# Guess Her Final Weight/Height



## gatorshepherd (Nov 8, 2010)

My white german shepherd just hit 7 months of age, she weighs 50 lbs and is 21 inches to her withers. She is a little small for her age it seems compared to other shepherds her age. How large do y'all think she will get for at full size (weight and height)? I've never had a shepherd (or a large dog, for that matter) and was just curious how much growth normally occurs after 6 months.


----------



## technodog (Dec 31, 2010)

actually, i think larger dogs continue to grow until about 2 years of age, mine is 5 months and 38 lbs


----------



## WarrantsWifey (Dec 18, 2010)

She seems small compared to Killian. He was 70 at his 6 month vet appt. He's a little bigger now that a month has passed.... I'll have to weigh him in tomorrow... ?????


----------



## DolphinGirl (Nov 5, 2010)

Do you know approx how big the mom and dad were? I know Aspen's dad was approx 70lbs, so I assume he will get to that weight. He is 6.5 mo old and 23in at the withers and 54.6lbs. According to the charts, that is small, however, I am feeding him adult food to help slow his growth rate. So, there are a few factors that will dictate the growth and final size of your gsd.


----------



## DolphinGirl (Nov 5, 2010)

Oh yeah, I noticed that at 6 mo, his growth slowed significantly. He was gaining 2-2.5lbs per week. Once he hit 6mo, he only gained .5-1lbs a week


----------



## GSDAlphaMom (Jul 20, 2010)

I think I read somewhere that they have 75% of their growth by 6 months (unless I jsut dreamed it). That's no guarantee there will be 25% growth after that. They do slow way down about that time. They will gain gerth up to 2 yrs but not height.

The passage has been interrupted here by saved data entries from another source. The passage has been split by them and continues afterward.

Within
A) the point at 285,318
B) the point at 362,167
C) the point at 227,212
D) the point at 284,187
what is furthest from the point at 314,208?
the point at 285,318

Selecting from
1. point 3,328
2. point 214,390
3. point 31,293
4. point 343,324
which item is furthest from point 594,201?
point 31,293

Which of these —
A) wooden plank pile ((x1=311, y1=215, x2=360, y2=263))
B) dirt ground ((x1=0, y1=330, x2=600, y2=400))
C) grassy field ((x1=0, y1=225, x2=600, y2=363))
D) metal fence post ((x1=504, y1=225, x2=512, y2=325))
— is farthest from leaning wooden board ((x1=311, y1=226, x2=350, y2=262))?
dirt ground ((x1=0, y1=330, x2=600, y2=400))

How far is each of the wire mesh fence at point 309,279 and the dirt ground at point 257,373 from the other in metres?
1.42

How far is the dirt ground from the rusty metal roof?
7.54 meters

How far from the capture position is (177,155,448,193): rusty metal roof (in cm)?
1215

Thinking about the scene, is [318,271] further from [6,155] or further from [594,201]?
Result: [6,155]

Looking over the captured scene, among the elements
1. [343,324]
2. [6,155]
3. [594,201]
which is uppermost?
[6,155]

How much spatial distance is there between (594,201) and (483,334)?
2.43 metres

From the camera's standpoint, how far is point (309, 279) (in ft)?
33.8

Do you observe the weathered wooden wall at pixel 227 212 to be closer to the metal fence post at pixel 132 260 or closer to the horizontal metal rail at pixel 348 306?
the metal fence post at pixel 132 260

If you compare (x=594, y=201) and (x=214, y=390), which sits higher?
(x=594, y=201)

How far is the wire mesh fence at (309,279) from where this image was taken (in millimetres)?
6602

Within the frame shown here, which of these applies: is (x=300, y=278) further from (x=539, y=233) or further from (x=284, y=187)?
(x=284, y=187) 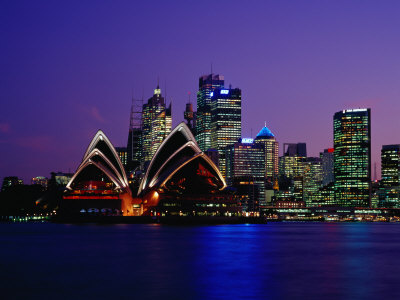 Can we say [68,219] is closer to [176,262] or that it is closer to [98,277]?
[176,262]

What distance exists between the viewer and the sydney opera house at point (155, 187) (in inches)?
5349

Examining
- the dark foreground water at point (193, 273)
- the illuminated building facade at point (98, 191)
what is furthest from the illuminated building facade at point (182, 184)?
the dark foreground water at point (193, 273)

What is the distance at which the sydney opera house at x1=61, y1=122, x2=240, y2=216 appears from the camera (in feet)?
446

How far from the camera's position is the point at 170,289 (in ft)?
117

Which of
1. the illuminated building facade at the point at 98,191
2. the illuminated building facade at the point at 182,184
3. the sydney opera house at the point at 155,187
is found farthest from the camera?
the illuminated building facade at the point at 98,191

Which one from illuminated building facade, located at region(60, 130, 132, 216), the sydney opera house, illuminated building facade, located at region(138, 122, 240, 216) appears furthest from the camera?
illuminated building facade, located at region(60, 130, 132, 216)

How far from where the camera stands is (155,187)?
140375mm

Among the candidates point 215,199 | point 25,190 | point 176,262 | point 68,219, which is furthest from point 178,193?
point 176,262

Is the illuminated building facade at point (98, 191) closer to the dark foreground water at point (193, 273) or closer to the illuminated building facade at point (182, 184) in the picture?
the illuminated building facade at point (182, 184)

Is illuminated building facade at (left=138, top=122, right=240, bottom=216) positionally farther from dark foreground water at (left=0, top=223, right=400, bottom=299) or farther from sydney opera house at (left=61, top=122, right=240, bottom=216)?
dark foreground water at (left=0, top=223, right=400, bottom=299)

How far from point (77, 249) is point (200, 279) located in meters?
25.6

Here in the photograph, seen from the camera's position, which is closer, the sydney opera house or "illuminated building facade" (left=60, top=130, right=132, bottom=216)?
the sydney opera house

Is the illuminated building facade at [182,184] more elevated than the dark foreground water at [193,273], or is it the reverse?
the illuminated building facade at [182,184]

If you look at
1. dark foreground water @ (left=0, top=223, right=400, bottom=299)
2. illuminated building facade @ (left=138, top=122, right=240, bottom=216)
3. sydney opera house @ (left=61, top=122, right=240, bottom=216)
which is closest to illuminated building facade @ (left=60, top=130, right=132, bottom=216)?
sydney opera house @ (left=61, top=122, right=240, bottom=216) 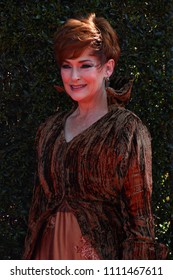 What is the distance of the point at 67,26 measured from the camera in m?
3.13

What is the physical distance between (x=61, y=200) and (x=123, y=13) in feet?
5.19

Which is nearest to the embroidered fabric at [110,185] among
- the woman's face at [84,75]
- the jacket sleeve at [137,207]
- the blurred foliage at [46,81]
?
the jacket sleeve at [137,207]

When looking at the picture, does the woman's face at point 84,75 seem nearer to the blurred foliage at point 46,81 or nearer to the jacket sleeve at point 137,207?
the jacket sleeve at point 137,207

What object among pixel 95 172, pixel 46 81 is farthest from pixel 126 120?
pixel 46 81

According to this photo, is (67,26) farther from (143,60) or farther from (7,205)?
(7,205)

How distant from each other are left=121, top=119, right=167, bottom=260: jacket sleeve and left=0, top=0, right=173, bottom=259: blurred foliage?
1201 millimetres

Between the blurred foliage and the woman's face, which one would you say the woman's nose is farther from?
the blurred foliage

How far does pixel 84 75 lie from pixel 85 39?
172mm

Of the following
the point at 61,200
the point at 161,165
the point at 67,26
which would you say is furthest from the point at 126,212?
the point at 161,165

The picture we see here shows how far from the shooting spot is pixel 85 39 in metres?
3.10

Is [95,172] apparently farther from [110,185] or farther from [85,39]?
[85,39]

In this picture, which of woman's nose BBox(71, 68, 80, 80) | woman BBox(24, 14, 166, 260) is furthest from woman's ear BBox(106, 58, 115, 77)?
woman's nose BBox(71, 68, 80, 80)

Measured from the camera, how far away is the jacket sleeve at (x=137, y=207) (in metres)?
3.04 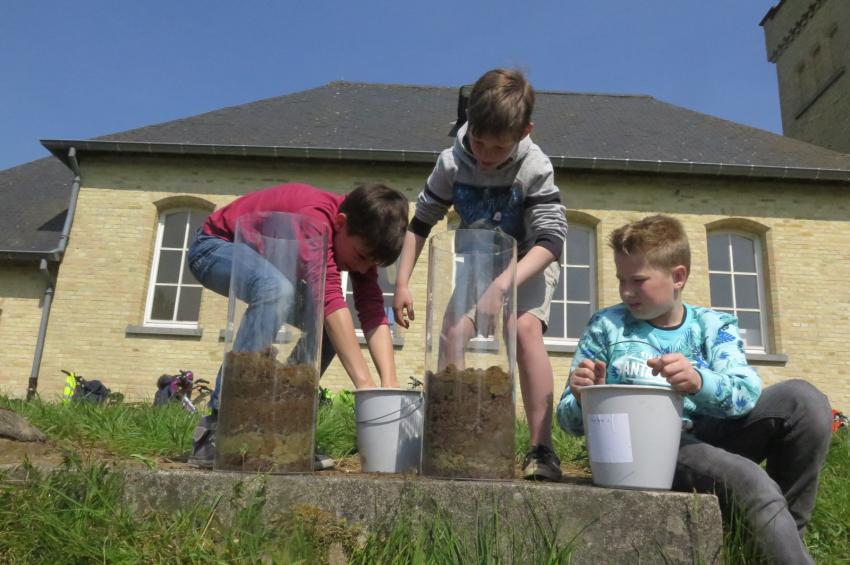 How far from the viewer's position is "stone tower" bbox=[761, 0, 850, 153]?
1648 cm

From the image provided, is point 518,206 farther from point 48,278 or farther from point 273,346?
point 48,278

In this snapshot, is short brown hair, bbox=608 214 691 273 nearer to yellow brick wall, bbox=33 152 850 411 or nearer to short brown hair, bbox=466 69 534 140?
short brown hair, bbox=466 69 534 140

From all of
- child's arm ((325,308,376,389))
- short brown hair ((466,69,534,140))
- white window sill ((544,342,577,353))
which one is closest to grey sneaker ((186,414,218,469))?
child's arm ((325,308,376,389))

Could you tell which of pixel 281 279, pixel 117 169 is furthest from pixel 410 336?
pixel 281 279

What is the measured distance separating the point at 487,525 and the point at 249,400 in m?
0.86

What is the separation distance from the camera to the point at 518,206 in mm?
2922

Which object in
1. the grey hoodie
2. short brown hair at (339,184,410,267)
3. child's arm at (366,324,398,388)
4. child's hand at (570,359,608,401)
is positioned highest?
the grey hoodie

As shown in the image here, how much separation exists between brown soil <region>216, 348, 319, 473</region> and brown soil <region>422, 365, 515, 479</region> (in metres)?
0.43

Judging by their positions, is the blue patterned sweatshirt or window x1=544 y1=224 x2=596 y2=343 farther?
window x1=544 y1=224 x2=596 y2=343

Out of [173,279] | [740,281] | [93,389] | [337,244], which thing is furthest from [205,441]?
[740,281]

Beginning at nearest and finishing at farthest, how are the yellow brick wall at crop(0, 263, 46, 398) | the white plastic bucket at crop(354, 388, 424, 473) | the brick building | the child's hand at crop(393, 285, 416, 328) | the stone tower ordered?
the white plastic bucket at crop(354, 388, 424, 473), the child's hand at crop(393, 285, 416, 328), the brick building, the yellow brick wall at crop(0, 263, 46, 398), the stone tower

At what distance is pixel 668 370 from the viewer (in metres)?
2.02

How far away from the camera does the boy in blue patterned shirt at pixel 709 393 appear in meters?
2.00

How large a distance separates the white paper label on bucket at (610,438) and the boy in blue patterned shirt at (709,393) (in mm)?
196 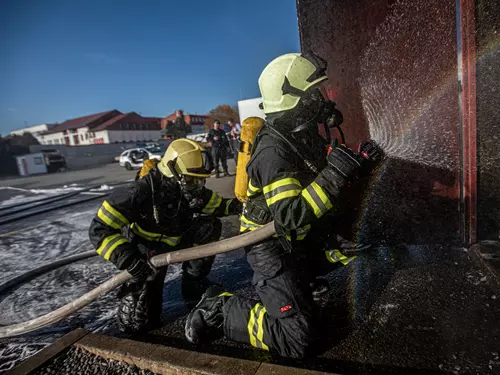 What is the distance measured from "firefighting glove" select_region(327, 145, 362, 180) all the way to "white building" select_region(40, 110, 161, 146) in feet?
185

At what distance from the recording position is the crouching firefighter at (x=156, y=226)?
2.19m

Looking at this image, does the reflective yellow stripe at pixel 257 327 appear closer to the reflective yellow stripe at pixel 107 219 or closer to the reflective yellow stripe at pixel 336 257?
the reflective yellow stripe at pixel 336 257

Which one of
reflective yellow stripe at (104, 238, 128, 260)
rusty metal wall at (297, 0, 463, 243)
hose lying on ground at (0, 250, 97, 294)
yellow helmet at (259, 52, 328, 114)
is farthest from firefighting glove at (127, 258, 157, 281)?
rusty metal wall at (297, 0, 463, 243)

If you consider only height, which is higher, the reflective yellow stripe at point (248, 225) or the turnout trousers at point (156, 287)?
the reflective yellow stripe at point (248, 225)

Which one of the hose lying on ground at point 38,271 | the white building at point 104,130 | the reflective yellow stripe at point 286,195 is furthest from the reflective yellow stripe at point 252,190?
the white building at point 104,130

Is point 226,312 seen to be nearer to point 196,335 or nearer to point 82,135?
point 196,335

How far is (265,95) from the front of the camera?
1966 mm

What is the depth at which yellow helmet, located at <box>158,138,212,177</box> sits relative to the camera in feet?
7.90

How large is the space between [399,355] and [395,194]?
1.58 metres

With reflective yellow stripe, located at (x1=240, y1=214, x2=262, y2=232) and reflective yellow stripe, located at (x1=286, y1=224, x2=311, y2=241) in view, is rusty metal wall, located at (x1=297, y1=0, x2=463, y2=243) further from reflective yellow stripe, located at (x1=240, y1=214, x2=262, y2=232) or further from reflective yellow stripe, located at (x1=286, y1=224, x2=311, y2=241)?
reflective yellow stripe, located at (x1=240, y1=214, x2=262, y2=232)

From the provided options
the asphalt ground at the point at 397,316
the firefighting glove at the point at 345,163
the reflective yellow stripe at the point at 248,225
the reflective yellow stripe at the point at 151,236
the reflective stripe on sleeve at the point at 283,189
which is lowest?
the asphalt ground at the point at 397,316

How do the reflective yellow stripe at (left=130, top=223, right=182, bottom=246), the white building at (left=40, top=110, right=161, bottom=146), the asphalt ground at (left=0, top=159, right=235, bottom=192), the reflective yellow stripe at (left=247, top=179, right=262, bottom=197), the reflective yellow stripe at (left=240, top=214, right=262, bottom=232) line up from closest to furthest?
1. the reflective yellow stripe at (left=247, top=179, right=262, bottom=197)
2. the reflective yellow stripe at (left=240, top=214, right=262, bottom=232)
3. the reflective yellow stripe at (left=130, top=223, right=182, bottom=246)
4. the asphalt ground at (left=0, top=159, right=235, bottom=192)
5. the white building at (left=40, top=110, right=161, bottom=146)

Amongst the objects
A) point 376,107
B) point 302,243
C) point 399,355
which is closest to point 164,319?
point 302,243

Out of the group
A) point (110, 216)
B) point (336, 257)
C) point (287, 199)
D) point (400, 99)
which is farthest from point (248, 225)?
point (400, 99) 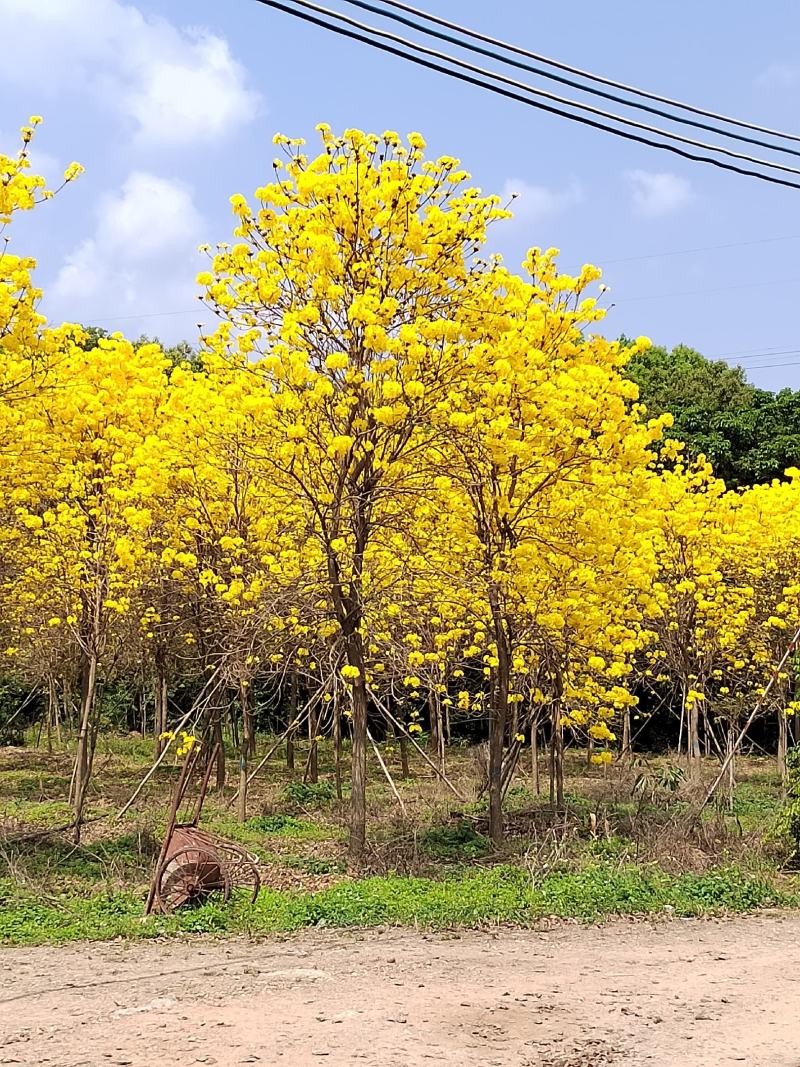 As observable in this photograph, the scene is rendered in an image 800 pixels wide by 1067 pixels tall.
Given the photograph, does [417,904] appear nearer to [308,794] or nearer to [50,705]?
[308,794]

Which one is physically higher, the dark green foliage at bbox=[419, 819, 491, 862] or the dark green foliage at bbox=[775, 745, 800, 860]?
the dark green foliage at bbox=[775, 745, 800, 860]

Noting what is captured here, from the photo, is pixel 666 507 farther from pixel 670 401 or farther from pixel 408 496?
pixel 670 401

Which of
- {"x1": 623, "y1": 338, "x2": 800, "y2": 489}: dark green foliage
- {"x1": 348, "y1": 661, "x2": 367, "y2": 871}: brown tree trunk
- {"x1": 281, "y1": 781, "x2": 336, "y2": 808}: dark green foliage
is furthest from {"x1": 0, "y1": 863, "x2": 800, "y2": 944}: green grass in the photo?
{"x1": 623, "y1": 338, "x2": 800, "y2": 489}: dark green foliage

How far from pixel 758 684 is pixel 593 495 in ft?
24.8

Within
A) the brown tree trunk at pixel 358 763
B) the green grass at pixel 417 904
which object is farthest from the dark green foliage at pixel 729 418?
the green grass at pixel 417 904

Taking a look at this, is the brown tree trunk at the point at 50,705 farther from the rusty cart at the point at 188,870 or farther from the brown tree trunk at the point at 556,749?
the rusty cart at the point at 188,870

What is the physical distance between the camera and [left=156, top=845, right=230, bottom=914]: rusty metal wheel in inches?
313

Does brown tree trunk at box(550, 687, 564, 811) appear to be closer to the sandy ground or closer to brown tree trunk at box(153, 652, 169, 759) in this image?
the sandy ground

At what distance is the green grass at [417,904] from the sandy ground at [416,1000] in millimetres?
305

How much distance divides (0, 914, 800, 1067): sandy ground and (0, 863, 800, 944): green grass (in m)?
0.31

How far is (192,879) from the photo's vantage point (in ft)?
26.2

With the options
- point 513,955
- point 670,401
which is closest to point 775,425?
point 670,401

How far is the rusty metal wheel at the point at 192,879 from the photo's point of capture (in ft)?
26.1

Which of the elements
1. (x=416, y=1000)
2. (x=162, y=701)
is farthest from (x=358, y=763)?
(x=162, y=701) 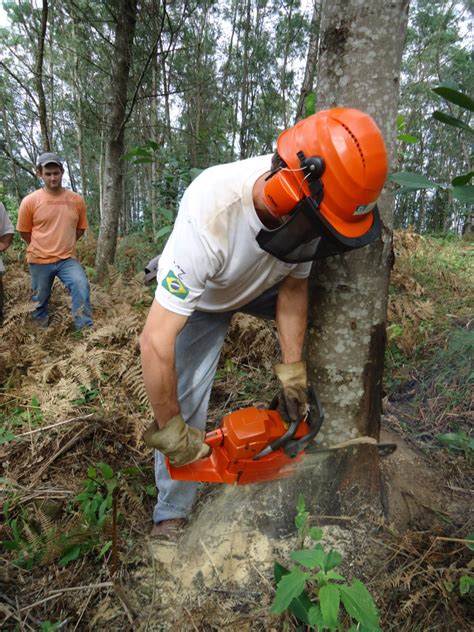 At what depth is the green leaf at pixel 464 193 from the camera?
3.76ft

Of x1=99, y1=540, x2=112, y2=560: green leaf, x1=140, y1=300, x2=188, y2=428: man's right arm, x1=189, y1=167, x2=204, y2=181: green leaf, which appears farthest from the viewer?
x1=189, y1=167, x2=204, y2=181: green leaf

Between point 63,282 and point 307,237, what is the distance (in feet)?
12.0

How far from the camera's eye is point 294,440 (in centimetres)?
161

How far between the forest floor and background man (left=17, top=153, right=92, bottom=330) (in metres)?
1.27

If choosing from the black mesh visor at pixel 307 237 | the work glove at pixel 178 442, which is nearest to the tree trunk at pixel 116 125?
the black mesh visor at pixel 307 237

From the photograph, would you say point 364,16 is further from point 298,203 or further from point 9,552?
point 9,552

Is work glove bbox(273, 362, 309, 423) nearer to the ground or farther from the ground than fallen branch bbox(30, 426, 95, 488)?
farther from the ground

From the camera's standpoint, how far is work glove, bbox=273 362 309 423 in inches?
64.9

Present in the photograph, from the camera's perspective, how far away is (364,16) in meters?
1.40

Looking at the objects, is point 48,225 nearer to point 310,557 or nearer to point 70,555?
point 70,555

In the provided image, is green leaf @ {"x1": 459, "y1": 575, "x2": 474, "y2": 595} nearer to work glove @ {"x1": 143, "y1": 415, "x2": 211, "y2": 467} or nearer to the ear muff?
work glove @ {"x1": 143, "y1": 415, "x2": 211, "y2": 467}

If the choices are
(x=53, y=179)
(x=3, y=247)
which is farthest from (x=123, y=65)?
(x=3, y=247)

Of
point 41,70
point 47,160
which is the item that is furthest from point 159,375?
point 41,70

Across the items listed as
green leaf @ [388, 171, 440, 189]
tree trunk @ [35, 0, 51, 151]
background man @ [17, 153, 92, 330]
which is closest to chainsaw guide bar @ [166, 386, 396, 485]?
green leaf @ [388, 171, 440, 189] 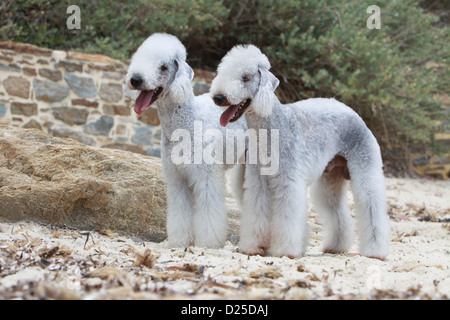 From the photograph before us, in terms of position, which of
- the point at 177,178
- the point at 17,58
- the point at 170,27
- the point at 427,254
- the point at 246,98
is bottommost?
the point at 427,254

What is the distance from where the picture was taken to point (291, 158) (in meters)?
3.99

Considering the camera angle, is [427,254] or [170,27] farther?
[170,27]

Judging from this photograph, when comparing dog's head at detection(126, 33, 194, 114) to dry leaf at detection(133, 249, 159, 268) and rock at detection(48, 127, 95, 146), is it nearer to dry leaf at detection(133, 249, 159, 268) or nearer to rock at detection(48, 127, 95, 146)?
dry leaf at detection(133, 249, 159, 268)

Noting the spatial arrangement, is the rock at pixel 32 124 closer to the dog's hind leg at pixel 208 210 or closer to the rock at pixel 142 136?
the rock at pixel 142 136

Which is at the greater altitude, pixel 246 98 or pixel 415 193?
pixel 246 98

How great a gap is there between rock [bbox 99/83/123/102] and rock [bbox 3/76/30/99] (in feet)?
3.36

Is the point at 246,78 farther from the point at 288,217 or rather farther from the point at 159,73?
the point at 288,217

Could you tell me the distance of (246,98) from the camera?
3.89m

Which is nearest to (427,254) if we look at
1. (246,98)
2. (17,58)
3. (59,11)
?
(246,98)

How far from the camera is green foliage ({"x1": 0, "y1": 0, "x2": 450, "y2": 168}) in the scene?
28.6ft

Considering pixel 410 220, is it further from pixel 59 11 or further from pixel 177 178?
pixel 59 11

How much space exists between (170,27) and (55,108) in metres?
2.60

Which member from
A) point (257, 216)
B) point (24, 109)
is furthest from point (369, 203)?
point (24, 109)

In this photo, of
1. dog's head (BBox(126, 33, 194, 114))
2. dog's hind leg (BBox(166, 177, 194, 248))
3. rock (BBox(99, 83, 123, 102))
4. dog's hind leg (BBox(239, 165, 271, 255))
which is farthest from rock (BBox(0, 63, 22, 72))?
dog's hind leg (BBox(239, 165, 271, 255)) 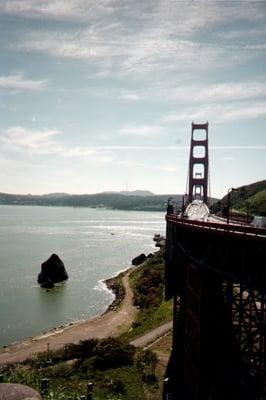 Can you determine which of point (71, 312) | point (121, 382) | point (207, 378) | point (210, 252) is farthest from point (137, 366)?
point (71, 312)

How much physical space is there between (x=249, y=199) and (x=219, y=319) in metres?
84.5

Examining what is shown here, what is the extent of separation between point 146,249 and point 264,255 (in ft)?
385

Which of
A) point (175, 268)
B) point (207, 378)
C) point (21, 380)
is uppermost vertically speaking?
point (175, 268)

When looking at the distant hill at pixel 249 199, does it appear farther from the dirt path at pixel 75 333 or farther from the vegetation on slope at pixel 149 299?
the dirt path at pixel 75 333

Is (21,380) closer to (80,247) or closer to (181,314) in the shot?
(181,314)

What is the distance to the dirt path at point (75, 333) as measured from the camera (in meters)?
39.8

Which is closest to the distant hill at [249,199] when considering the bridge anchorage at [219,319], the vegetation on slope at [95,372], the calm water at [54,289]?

WarrantsWifey isn't a good comparision because that's a male and you have a female.


----------



## WarrantsWifey (Dec 18, 2010)

GSDAlphaMom said:


> WarrantsWifey isn't a good comparision because that's a male and you have a female.




TRUE!!! Didn't even think about that. Okay VOID my answer!! LMFAO!! SORRY!!!!!!


----------



## Cassidy's Mom (Mar 30, 2003)

Halo was 46-1/2 pounds at 6 months old. At a year and a half old she was 58/59 pounds, putting her at almost exactly the midpoint of the standard for a female. Most of that approximately 12 pounds that she gained in the interim was between 6 months and a year, probably 2/3 or 3/4 of it. 

She turned 2 about two months ago, and I don't think she's gained much if anything since her last weigh-in. If she breaks 60 pounds by the time she's fully mature it won't be by much.


----------